▸ Work request
In the entries below, find the line with "36 Pcs White" and the line with "White Gloss Vanity". Return those two lines and all lines between them, exactly.

┄┄┄┄┄┄┄┄┄┄┄┄┄┄┄┄┄┄┄┄

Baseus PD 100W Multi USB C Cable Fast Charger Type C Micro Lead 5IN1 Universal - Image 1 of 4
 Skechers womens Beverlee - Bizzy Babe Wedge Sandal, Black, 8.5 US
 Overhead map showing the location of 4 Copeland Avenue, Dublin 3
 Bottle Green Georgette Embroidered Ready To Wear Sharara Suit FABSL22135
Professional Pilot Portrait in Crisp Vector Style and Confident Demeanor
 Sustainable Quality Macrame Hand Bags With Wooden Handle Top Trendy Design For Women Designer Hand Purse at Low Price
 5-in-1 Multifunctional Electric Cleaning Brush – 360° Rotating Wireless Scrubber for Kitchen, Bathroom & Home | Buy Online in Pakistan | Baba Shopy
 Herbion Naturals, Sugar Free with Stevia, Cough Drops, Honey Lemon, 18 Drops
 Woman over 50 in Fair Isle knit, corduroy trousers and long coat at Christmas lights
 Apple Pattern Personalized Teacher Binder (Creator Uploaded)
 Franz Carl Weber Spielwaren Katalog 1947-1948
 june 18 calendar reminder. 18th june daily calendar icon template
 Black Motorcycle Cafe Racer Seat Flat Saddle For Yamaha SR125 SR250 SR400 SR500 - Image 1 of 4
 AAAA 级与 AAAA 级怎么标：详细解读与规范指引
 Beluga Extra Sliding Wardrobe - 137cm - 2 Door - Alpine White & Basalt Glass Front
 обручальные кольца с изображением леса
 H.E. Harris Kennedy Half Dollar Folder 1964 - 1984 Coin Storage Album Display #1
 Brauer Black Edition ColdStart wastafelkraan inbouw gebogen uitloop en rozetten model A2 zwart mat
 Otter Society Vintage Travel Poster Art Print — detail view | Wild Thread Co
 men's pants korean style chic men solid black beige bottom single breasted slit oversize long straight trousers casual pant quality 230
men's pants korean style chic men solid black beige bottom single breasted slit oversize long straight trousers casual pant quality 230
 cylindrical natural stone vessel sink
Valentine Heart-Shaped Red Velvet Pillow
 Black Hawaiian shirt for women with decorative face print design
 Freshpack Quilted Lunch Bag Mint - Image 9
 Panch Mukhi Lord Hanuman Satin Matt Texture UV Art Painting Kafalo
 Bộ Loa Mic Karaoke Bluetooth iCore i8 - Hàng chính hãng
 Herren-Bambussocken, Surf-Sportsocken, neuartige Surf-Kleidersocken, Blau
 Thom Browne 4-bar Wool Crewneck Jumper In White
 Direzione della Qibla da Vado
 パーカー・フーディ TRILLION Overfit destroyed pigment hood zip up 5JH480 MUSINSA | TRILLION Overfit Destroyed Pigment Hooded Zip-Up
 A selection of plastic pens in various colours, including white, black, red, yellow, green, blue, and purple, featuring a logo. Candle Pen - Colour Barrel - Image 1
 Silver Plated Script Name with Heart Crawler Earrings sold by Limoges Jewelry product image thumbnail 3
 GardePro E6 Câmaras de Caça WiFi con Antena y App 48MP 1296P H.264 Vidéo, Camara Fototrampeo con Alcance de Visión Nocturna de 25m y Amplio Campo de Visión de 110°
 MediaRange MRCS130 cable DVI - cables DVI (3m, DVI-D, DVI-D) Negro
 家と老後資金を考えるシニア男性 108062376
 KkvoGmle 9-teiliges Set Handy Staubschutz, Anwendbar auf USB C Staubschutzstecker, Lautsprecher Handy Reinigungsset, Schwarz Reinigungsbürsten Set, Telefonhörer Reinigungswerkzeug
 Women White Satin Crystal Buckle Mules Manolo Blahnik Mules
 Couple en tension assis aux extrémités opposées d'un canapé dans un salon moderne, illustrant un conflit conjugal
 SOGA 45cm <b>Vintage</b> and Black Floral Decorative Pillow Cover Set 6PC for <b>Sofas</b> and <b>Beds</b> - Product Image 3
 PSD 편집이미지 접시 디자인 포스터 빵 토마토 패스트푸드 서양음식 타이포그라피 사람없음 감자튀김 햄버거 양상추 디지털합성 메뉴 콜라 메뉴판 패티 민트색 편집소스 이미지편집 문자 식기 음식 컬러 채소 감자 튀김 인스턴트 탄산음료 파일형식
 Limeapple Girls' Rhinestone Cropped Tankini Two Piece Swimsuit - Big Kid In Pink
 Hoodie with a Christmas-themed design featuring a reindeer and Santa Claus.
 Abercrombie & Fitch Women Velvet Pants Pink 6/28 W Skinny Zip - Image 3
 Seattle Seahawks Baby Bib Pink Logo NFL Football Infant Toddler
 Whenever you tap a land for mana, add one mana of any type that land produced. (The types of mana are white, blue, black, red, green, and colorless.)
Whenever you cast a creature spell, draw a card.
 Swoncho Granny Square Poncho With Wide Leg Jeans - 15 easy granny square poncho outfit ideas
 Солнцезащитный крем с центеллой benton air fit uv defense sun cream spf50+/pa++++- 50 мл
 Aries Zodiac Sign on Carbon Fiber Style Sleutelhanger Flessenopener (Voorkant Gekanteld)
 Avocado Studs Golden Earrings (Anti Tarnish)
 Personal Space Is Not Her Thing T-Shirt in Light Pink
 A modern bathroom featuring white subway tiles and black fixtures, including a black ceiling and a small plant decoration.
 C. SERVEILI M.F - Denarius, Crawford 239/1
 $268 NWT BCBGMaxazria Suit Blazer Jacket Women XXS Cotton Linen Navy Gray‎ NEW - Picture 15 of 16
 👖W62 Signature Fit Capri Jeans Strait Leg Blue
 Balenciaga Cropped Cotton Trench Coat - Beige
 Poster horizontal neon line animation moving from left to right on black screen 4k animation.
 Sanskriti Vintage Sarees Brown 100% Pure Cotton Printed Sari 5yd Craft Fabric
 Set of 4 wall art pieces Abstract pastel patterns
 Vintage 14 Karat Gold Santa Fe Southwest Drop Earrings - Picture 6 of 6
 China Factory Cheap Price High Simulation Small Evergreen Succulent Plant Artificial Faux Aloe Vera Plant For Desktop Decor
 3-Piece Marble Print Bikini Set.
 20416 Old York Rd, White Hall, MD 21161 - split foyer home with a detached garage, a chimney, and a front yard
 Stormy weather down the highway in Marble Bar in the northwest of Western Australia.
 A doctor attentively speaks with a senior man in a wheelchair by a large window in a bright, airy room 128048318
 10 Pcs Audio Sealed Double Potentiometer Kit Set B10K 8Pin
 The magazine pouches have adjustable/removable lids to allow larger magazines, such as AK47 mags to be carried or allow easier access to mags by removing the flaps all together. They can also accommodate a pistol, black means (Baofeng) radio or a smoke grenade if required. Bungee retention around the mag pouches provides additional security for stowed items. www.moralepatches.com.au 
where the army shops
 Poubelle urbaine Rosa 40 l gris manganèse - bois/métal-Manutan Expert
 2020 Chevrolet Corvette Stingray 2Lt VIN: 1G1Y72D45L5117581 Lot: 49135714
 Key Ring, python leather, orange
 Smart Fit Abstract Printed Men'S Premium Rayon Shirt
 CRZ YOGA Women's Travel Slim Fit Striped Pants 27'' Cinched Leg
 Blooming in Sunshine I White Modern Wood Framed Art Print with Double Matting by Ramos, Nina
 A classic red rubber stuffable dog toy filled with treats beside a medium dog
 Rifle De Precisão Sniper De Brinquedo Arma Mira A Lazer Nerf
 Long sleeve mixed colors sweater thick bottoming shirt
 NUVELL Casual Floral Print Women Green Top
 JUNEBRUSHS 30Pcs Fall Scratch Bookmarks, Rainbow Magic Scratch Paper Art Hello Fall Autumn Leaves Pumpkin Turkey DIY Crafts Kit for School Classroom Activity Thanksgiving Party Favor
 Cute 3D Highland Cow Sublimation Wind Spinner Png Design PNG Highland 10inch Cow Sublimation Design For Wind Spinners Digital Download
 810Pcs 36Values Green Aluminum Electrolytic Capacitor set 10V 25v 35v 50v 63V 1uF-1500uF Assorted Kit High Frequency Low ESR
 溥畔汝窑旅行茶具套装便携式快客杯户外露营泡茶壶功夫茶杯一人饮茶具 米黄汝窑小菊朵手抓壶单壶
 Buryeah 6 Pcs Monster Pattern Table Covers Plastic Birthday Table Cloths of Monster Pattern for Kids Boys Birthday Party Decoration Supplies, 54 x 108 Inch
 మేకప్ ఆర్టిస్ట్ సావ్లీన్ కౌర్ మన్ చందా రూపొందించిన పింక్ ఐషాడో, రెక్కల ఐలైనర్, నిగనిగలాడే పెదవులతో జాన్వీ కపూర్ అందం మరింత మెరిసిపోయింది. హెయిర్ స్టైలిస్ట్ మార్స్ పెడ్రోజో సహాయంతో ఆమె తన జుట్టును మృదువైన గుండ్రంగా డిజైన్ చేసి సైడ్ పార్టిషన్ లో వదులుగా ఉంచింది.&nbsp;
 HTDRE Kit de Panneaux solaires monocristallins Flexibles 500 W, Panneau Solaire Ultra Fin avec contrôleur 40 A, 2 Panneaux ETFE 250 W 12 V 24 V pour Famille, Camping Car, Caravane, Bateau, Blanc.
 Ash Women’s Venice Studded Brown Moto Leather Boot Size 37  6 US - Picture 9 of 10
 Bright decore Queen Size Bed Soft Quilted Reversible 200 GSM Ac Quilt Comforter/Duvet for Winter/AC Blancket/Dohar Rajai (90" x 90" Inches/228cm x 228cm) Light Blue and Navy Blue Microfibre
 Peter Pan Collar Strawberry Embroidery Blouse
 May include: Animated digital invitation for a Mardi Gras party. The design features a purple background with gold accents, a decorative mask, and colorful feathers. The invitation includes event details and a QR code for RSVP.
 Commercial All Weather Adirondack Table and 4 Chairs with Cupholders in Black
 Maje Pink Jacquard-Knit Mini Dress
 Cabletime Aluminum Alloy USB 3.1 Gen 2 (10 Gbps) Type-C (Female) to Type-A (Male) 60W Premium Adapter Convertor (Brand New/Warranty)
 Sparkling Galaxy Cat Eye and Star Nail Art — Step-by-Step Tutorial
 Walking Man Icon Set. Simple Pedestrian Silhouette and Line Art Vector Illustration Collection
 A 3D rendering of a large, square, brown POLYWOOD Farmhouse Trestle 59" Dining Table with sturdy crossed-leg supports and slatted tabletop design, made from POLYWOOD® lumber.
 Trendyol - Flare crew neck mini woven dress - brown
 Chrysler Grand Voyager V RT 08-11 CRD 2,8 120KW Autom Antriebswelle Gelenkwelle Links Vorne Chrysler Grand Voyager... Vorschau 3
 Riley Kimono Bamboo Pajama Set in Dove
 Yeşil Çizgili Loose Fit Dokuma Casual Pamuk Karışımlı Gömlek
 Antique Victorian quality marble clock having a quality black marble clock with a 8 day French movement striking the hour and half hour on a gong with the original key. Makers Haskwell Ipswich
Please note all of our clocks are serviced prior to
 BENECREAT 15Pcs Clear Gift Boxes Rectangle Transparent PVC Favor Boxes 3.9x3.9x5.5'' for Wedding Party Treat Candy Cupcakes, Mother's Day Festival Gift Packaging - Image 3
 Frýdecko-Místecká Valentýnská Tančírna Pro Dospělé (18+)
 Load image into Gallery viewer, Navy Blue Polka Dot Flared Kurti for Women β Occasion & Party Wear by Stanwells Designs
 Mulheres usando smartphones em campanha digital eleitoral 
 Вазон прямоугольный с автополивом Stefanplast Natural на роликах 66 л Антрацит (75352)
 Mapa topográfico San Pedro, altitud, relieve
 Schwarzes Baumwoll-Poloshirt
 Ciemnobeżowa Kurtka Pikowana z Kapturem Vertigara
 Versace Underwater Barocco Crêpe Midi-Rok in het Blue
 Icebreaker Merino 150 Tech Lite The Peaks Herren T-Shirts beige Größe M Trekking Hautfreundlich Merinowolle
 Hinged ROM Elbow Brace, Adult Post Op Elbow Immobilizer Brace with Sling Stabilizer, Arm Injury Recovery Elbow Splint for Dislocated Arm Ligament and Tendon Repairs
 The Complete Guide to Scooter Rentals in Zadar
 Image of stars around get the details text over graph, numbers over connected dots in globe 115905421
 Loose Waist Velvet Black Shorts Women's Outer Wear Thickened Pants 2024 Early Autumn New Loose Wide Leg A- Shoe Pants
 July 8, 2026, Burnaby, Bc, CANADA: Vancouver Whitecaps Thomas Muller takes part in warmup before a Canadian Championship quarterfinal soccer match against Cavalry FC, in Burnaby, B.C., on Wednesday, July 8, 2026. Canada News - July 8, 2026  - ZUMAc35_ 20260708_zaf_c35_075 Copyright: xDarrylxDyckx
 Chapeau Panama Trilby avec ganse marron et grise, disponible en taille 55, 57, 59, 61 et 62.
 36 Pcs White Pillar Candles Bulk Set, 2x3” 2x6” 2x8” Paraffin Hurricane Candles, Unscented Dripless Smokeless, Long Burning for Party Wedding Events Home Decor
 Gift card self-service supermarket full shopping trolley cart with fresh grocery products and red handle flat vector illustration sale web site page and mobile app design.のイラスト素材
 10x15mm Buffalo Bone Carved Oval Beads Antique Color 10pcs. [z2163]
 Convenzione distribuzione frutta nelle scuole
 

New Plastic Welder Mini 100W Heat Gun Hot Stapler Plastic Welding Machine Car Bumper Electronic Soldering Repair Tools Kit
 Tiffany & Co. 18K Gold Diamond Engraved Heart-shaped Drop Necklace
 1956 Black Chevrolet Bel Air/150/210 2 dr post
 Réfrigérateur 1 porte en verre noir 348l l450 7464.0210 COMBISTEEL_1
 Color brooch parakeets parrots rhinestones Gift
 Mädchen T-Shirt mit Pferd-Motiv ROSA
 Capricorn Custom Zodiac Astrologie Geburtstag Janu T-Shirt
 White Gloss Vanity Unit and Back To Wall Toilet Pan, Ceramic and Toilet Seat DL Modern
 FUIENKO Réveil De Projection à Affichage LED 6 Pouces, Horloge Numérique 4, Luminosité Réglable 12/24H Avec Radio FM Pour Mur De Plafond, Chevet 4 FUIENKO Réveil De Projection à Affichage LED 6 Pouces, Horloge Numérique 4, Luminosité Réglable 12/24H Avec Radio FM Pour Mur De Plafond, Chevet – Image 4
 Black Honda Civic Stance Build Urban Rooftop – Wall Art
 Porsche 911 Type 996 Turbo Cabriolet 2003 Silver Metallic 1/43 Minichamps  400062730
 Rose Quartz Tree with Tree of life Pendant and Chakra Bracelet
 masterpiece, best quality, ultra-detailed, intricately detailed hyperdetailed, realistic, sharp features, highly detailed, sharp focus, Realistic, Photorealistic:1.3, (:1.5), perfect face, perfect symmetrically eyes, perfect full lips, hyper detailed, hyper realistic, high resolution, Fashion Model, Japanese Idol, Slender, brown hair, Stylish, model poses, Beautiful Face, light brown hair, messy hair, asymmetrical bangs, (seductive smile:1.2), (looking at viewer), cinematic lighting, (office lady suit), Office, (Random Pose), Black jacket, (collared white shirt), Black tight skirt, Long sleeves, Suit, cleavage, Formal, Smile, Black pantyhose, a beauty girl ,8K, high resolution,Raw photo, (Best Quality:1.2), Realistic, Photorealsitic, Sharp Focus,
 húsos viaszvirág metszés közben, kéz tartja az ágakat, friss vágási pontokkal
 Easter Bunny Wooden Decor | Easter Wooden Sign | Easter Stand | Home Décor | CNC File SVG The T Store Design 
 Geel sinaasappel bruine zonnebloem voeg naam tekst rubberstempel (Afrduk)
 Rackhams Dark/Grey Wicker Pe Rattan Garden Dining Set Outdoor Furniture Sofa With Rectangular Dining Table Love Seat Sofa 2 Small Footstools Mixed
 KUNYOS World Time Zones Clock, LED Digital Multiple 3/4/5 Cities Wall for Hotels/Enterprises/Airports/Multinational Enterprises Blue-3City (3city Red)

┄┄┄┄┄┄┄┄┄┄┄┄┄┄┄┄┄┄┄┄

▸ The answer
 36 Pcs White Pillar Candles Bulk Set, 2x3” 2x6” 2x8” Paraffin Hurricane Candles, Unscented Dripless Smokeless, Long Burning for Party Wedding Events Home Decor
 Gift card self-service supermarket full shopping trolley cart with fresh grocery products and red handle flat vector illustration sale web site page and mobile app design.のイラスト素材
 10x15mm Buffalo Bone Carved Oval Beads Antique Color 10pcs. [z2163]
 Convenzione distribuzione frutta nelle scuole
 

New Plastic Welder Mini 100W Heat Gun Hot Stapler Plastic Welding Machine Car Bumper Electronic Soldering Repair Tools Kit
 Tiffany & Co. 18K Gold Diamond Engraved Heart-shaped Drop Necklace
 1956 Black Chevrolet Bel Air/150/210 2 dr post
 Réfrigérateur 1 porte en verre noir 348l l450 7464.0210 COMBISTEEL_1
 Color brooch parakeets parrots rhinestones Gift
 Mädchen T-Shirt mit Pferd-Motiv ROSA
 Capricorn Custom Zodiac Astrologie Geburtstag Janu T-Shirt
 White Gloss Vanity Unit and Back To Wall Toilet Pan, Ceramic and Toilet Seat DL Modern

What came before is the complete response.